DIRECTIONS → For the entries below, print exactly the lines between the line holding "Cartoon Turtle Clipart" and the line holding "Monarchkarte Karte (Gelbe Blume)", inclusive, and nothing else.

MATERIAL FOR THIS TASK →
- Opening Delimiter -
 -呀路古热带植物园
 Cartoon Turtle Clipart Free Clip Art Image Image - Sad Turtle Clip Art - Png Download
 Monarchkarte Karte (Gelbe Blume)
- Closing Delimiter -
- Opening Delimiter -
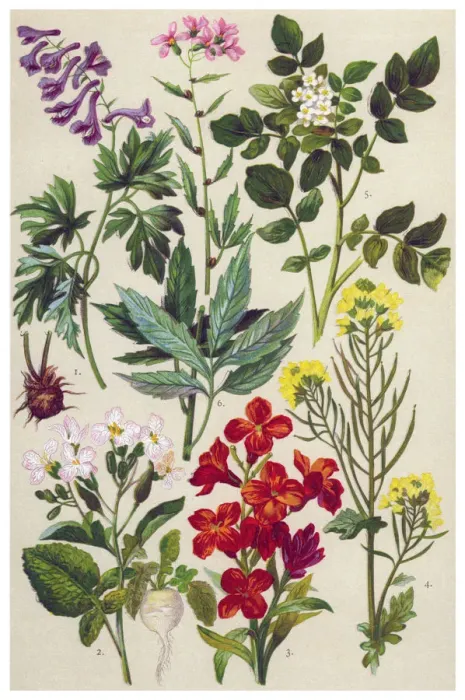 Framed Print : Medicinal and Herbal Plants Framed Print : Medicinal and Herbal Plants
- Closing Delimiter -
SOLUTION →
 Cartoon Turtle Clipart Free Clip Art Image Image - Sad Turtle Clip Art - Png Download
 Monarchkarte Karte (Gelbe Blume)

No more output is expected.